(Scraped caption text data)
▶

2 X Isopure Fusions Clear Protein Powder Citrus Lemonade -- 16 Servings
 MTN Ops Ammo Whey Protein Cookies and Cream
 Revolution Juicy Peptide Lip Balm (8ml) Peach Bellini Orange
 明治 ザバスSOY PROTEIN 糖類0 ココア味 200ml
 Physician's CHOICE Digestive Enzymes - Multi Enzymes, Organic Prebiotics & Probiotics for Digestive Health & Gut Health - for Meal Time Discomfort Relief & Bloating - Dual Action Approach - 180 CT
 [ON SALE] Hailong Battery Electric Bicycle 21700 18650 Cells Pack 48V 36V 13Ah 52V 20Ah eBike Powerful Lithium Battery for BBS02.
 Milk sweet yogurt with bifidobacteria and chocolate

◀

Reprint the entries above in full, exactly as they are.

2 X Isopure Fusions Clear Protein Powder Citrus Lemonade -- 16 Servings
 MTN Ops Ammo Whey Protein Cookies and Cream
 Revolution Juicy Peptide Lip Balm (8ml) Peach Bellini Orange
 明治 ザバスSOY PROTEIN 糖類0 ココア味 200ml
 Physician's CHOICE Digestive Enzymes - Multi Enzymes, Organic Prebiotics & Probiotics for Digestive Health & Gut Health - for Meal Time Discomfort Relief & Bloating - Dual Action Approach - 180 CT
 [ON SALE] Hailong Battery Electric Bicycle 21700 18650 Cells Pack 48V 36V 13Ah 52V 20Ah eBike Powerful Lithium Battery for BBS02.
 Milk sweet yogurt with bifidobacteria and chocolate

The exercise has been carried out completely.